If he wasn’t already chair of Penn State College of Medicine’s Department of Anesthesiology and Perioperative Medicine, Dr. Berend Mets could work as a tour guide in the museum he’s building.

On a recent walk through his department’s growing collection of medical gadgets from throughout history, Mets talked about anesthesiology the way some people talk about exploring space.

Anesthesiology is not what you think. Doctors don’t inject you with the medical equivalent of Sleepy Time Tea, and you don’t take a nap. Instead, they deliver chemicals that activate your body’s off switch. Machines pump your heart and fill your lungs with air, while you teeter in a twilight state between this world and the next. Pain – or the memory of it, anyway – doesn’t exist there. Then the anesthesiologist brings you back, unscathed.

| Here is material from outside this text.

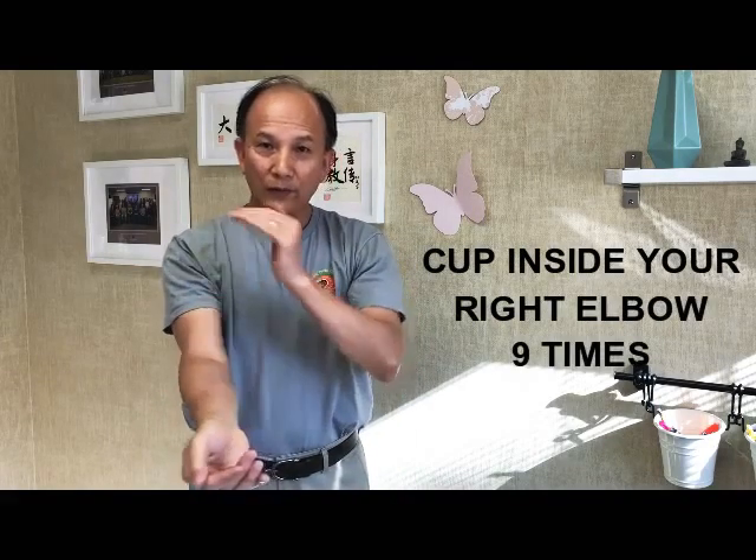And do the right arm. One, two, three, four, five, six, seven, eight, nine.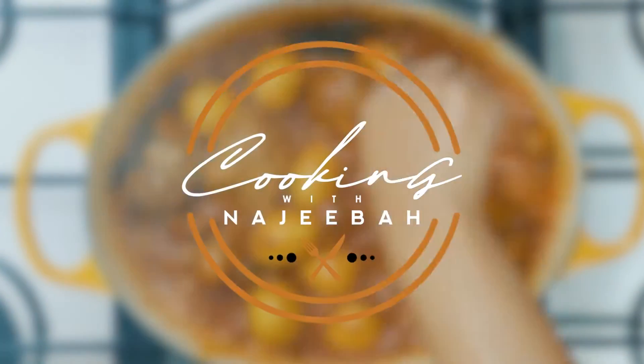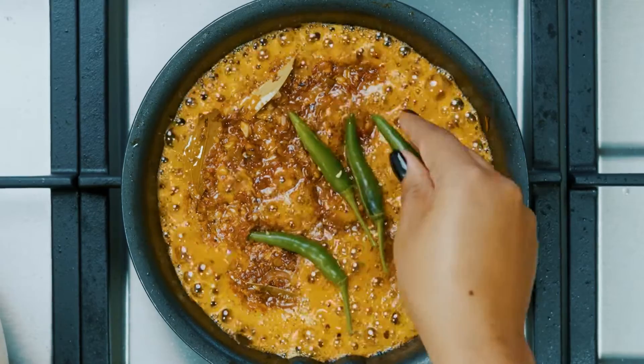Hello and welcome to Cooking with Najiba, the place where I eat, sleep and breathe food. Cooking has always been a form of nurturing for me — it's how I express love to my friends and family. Not only does it bring back nostalgic memories from my childhood, it also connects me to my heritage.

Anesthetists like Mets rarely make headlines, but they cast big shadows. They have been center stage throughout COVID-19. The ventilators you’ve heard so much about are their equipment. And without them, surgery and much of medical science would be unthinkable.

“You hold people’s lives in your hands,” Mets said. Glass cabinets in the wood-walled Julien F. Biebuyck library, a lecture and meeting room at the College of Medicine where Anesthesiology presents important talks, will show tools and accoutrements from more than 100 years of medical innovation. The idea is a tactile museum; students will hold and handle the same equipment as their counterparts from history.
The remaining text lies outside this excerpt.